Henry Ngan, ENPS Hong Kong (Hong Kong)
16:15 – 16:55
Efficient landslide detection by UAV-based multi-temporal visual analysis, Yosuke Yamaguchi1, Kai Matsui1, Jun Ohya1, Katsuya Hasegawa2, and Hiroshi Nagahashi3; 1Waseda University, 2Japan Aerospace Exploration Agency, Institute of Space and Astronautical Science, and 3Tokyo Institute of Technology (Japan) [view abstract]
Unmanned aerial vehicles (UAVs) equipped with optical cameras are powerful tools for automatic landslide detection in large remote and undeveloped areas as they enable high-resolution, low-cost, and flexible visual analysis. Structure from Motion (SfM) - Multi View Stereo (MVS) is commonly used for processing UAV imagery to accurately measure the ground surface. Recent studies based on SfM-MVS conducted landslide detection by monitoring the elevation change over time. However, the heavy processing load of SfM-MVS has been an obstacle for quick analysis in large areas. This paper proposes an efficient landslide detection method by Visual Simultaneous Localization and Mapping (Visual-SLAM) and convolutional neural network (CNN). Visual-SLAM enables the real time measurement of ground surface. Although the acquired data is less accurate than that of SfM-MVS, the CNN-based detection model performs to compensate for this side effect. In the preliminary experiment, it turns out that our method runs 5.5 times as fast as the SfM-MVS, achieving the F1 score of 0.83. The results show the efficiency of the SLAM-CNN-based method for landslide detection in large areas.
Detecting falling rocks by estimating excavation points using single color markers, Rei Kobayashi1, Yoshihiro Sato1, Masaya Miura2, Yuto Osada1, and Yue Bao1; 1Tokyo City University and 2Tokyu Construction Co., Ltd. (Japan) [view abstract]

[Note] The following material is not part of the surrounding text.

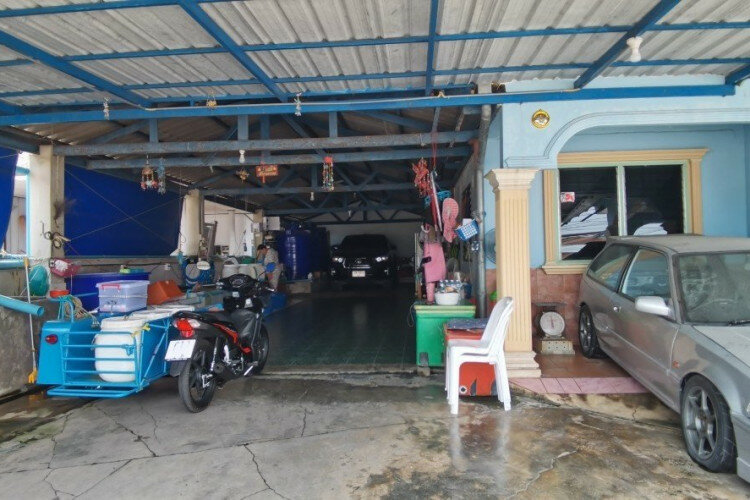 Дом в Саттахипе, Таиланд | THE238699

Tunnels have been constructed in various places for transportation and lifelines. During tunnel construction, the industrial accidents have occurred due to falling rocks from the tunnel face. A large amount of falling rocks is confirmed in the precursor of tunnel collapse. Therefore, it is necessary to detect falling rocks to prevent industrial accidents and to grasp of the situation on tunnel face. As conventional methods, the inter-frame difference method and the laser measurement method were proposed. However, those methods were difficult to monitor the entire tunnel face and detected moving objects other than falling rocks. In this paper, we propose a falling rocks detection method that combines the moving object detection method on the tunnel face and the estimation method of excavation points using single color markers. It was confirmed that only falling rocks were detected during excavation experiment.